Earth-size exoplanet found floating in Milky Way
New Delhi : The researchers have located an Earth-size exoplanet floating in Milky Way which is not orbiting any star.
It is not common to find such planets as most of the exoplanets discovered so far have been found orbiting a star.
However, theories of planet formation and evolution predict the existence of free-floating (rogue) planets, gravitationally unattached to any star.
Polish astronomers from the Astronomical Observatory of the University of Warsaw provided the first evidence for the existence of such planets in the Milky Way a few years ago.
In a latest, the researchers have located the smallest rogue planet in Milky Way.
"Our discovery demonstrates that low-mass free-floating planets can be detected and characterised using ground-based telescopes," said study co-author Andrzej Udalski, Professor at University of Warsaw in Poland.
Exoplanets can be only rarely directly observed. Usually, astronomers find planets using observations of the light from the planet’s host star.

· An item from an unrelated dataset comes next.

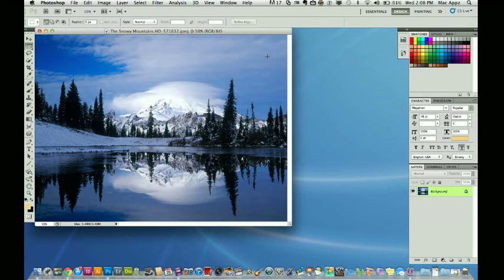Hey guys, welcome to another Technology Guru 77 video. Today we are in the application Photoshop CS5.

For example, if a planet crosses in front of its parent star’s disk, then the observed brightness of the star periodically drops by a small amount causing so called transits.
Astronomers can also measure the motion of the star caused by the planet.
Free-floating planets emit virtually no radiation and — by definition — they do not orbit any host star, so they cannot be discovered using traditional methods of astrophysical detection.
Nevertheless, rogue planets can be spotted using an astronomical phenomenon called gravitational microlensing.